Motecuzóma went on, "By all means, Knight Mixtli, take time to recover your strength before you go south. And this time you will not go afoot or alone. An appointed emissary of the Mexíca must go in pomp, especially when he is to confer with gods. I will provide for you a stately litter and strong bearers and an armed escort, and you will wear your richest Eagle Knight regalia."
As we prepared to bed down, by the combined light of the setting moon and the dying campfires, Motecuzóma called for one of his swift-messengers. He gave instructions to the man, and the runner immediately set off for Tenochtítlan, to take word to my household of my impending return. It was thoughtful of the Speaker to do that, and it was well intentioned, so that my servants and my wife Béu Ribé should have time to prepare a fitting reception for my homecoming. But the actual effect of that reception was nearly to kill me, and then to make me nearly kill Béu.
I made my way through the streets of Tenochtítlan at the next midday. Because I was as unprepossessing as any beggar leper, and almost as immodestly exposed as a genital-proud Huaxtecatl, the passing people either made a wide circuit around me or ostentatiously drew their mantles close to avoid brushing against me. But when I reached my home quarter of Ixacualco I began to meet remembered neighbors, and they greeted me civilly enough. Then I saw my own house, and its mistress standing in the open door at the top of the street stairs, and I raised my topaz for a look at her, and I almost fell at that moment, right there in the street. It was Zyanya waiting for me.
She stood in the bright light of day, dressed only in blouse and skirt, her lovely head bare—and the unique, the beautiful white streak was clearly visible in her flowing black hair. The shock of the illusion was like the shock of a blow that deranged all my body's senses and organs. I suddenly seemed to be looking out from underwater, from inside a whirlpool; the street's houses and people moved in circles about me. My throat constricted, and my breath would go neither in nor out. My heart bounded first in joy, then in frenzied protest at the strain; it hammered even harder than it had lately done during strenuous hill climbs. I tottered and groped for the support of a nearby torch-lamp post.
"Záa!" she cried, catching hold of me. I had not seen her come running. "Are you wounded? Are you ill?"
"Are you really Zyanya?" I managed to say, in a thin voice squeezed out through my tightened throat. The street had darkened in my sight, but I could still see the gleam of that strand of her hair.
"My dear!" was all she replied. "My dear... old... Záa..." and she held me close against her soft, warm bosom.
I said what seemed obvious to my addled mind, "Then you are not here. I am there." I laughed for sheer happiness at being dead. "You have waited for me all this time... on the nearmost border of the far country..."
"No, no, you are not dead," she crooned. "You are only weary. And I was thoughtless. I should have saved the surprise."
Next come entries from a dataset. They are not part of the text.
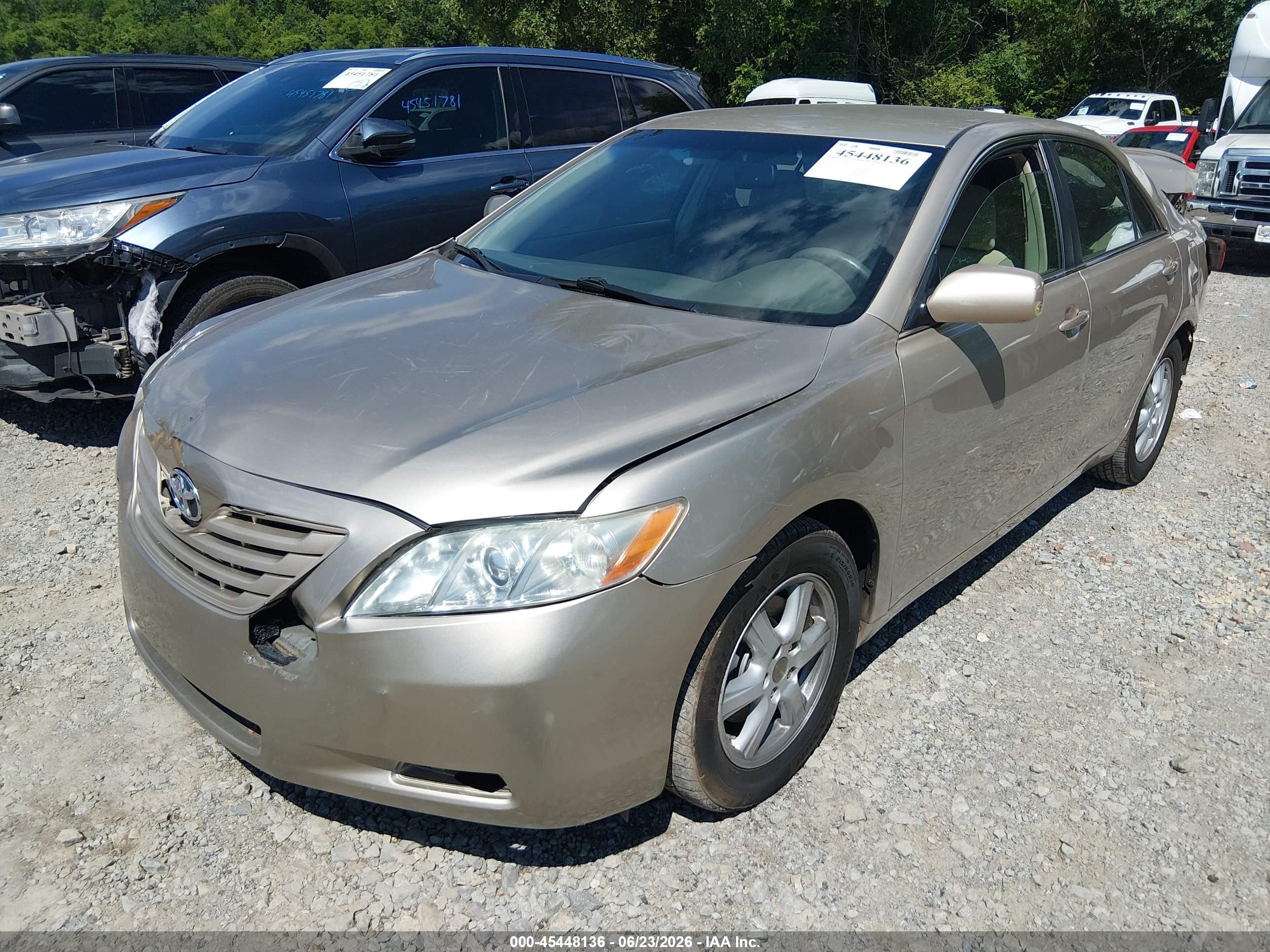 2009 Toyota Camry Le Золотой vin: 4T1BE46K59U818044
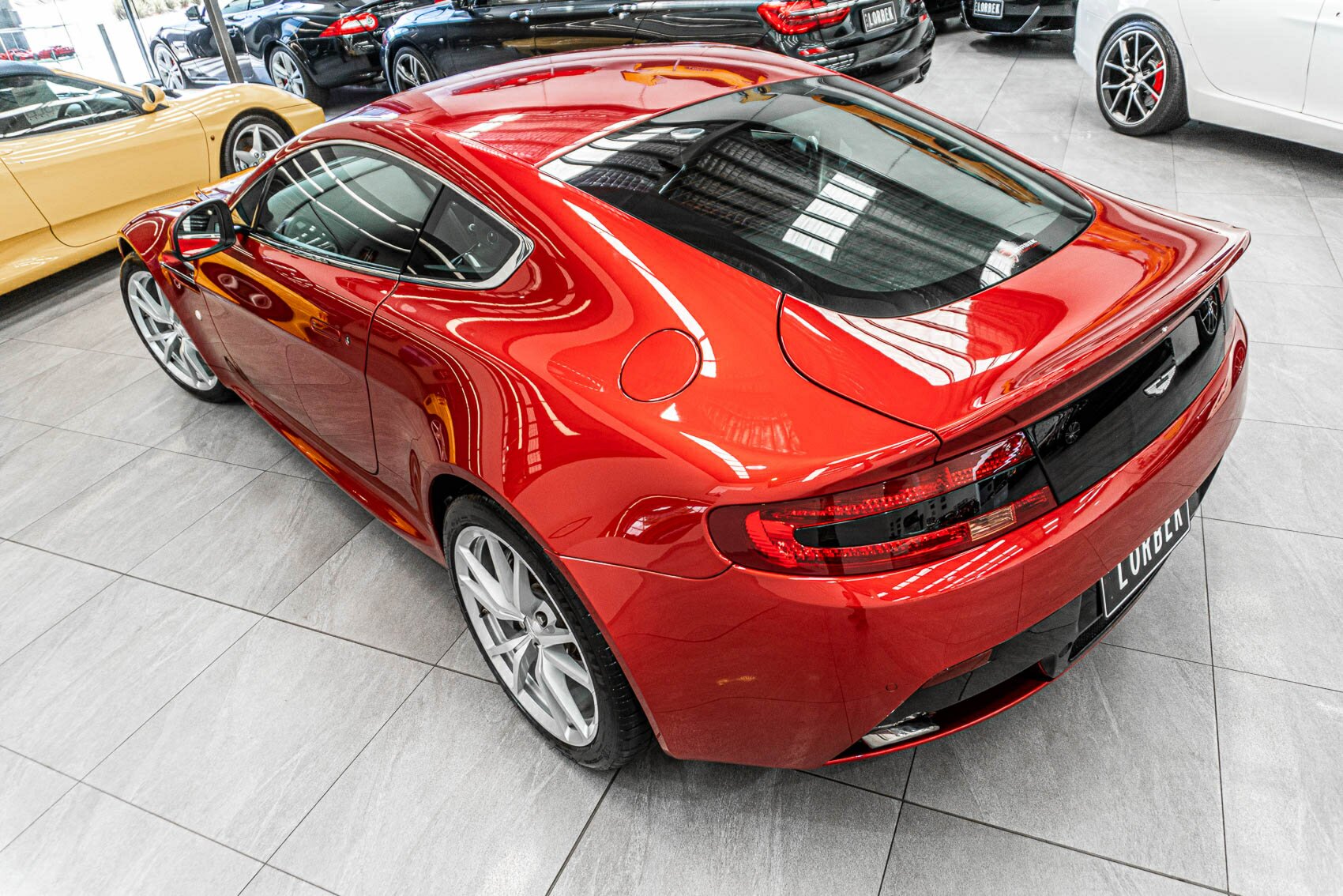 2013 ASTON MARTIN V8 MY14 VANTAGE 6 SP MANUAL SEDAN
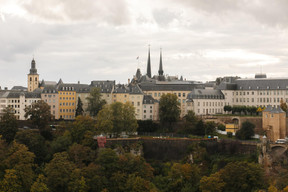 Les tours de Notre-Dame se détachent par-delà la vallée de la Pétrusse. ((Photo: Matic Zorman / Maison Moderne))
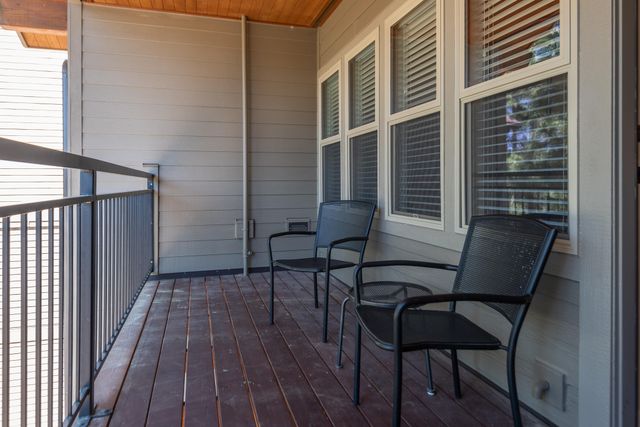 18575 SW Century Drive 1837-1838, Bend, OR 97702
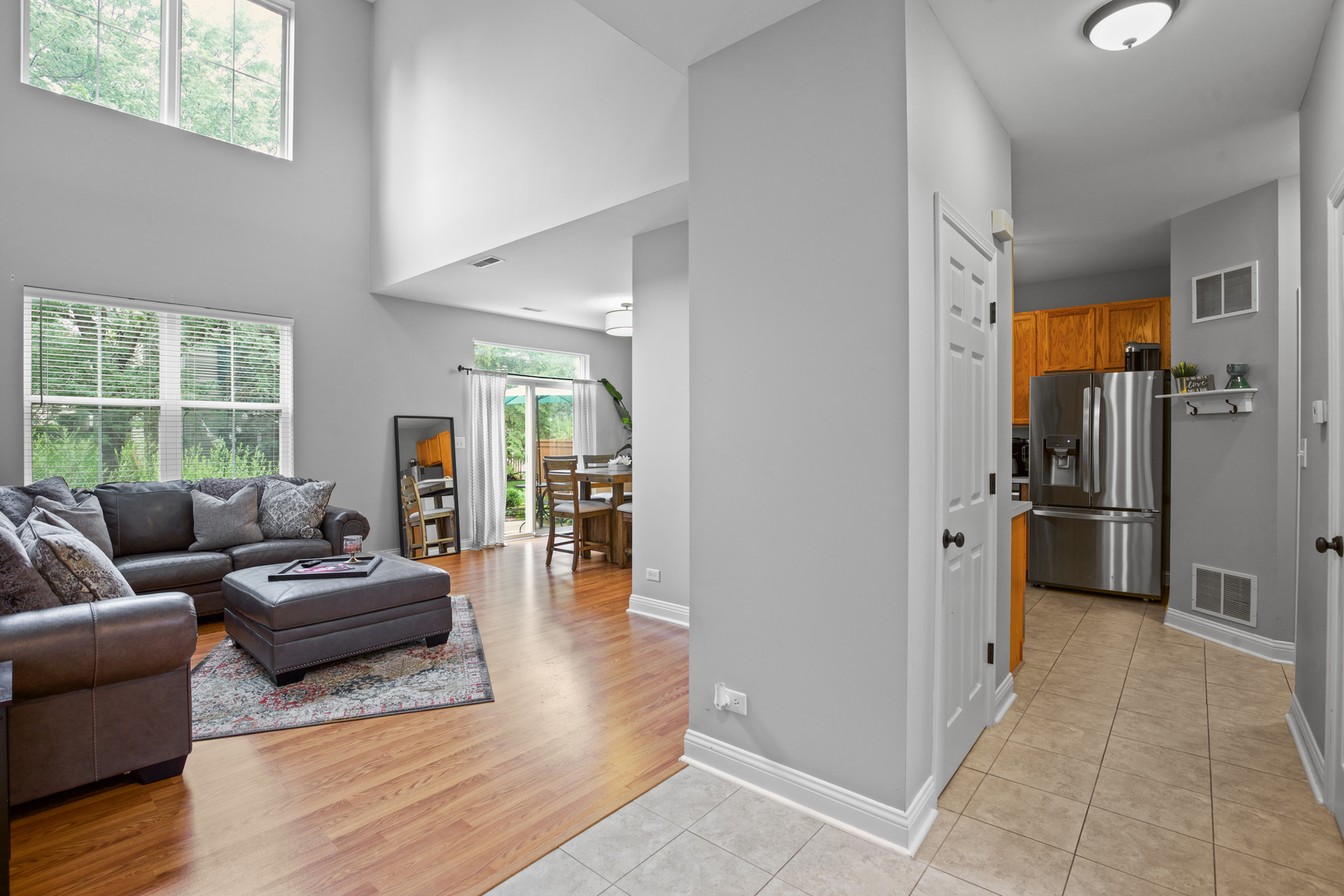 312 Grand Ridge Road #312, St. Charles, IL 60175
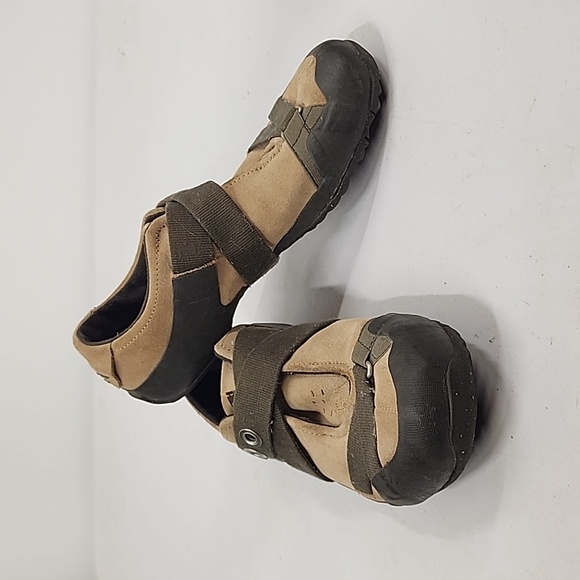 TEVA Ryley 6054 Cross Strap Hiking Trail Brown Suede Shoes Snap Slip On 8 - Picture 2 of 6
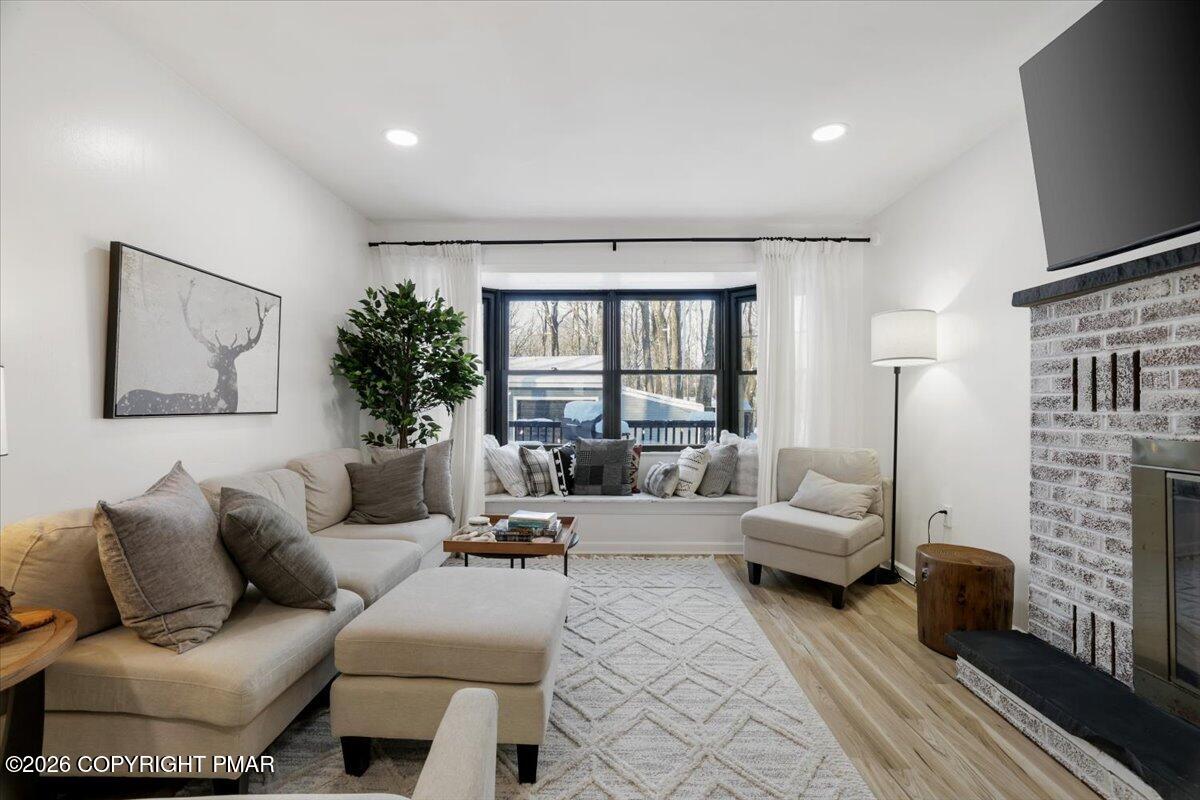 110 Linden Loop Pocono Summit, PA 18346 - Photo 6 of 55 42-RBP50345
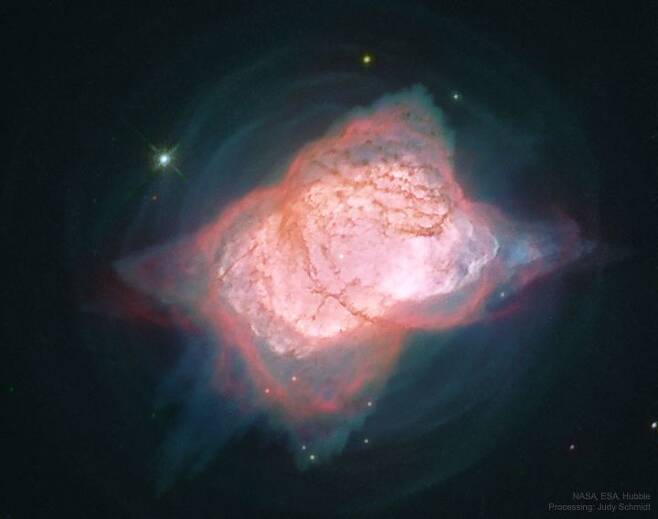 출처: Hubble, NASA, ESA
"Surprise?" I said. My vision was clearing and steadying, and I lifted my eyes from her breast to her face. It was Zyanya's face, and it was beautiful beyond the beauty of all other women, but it was not my remembered Zyanya at twenty. The face was as old as mine, and the dead do not age. Somewhere Zyanya was still young, and Cozcatl was younger yet, and old Blood Glutton was still lustily ageless, and my daughter Nochipa would forever be a child of twelve. Only I, Dark Cloud, was left in this world, to endure the ever darker and cloudier age of never.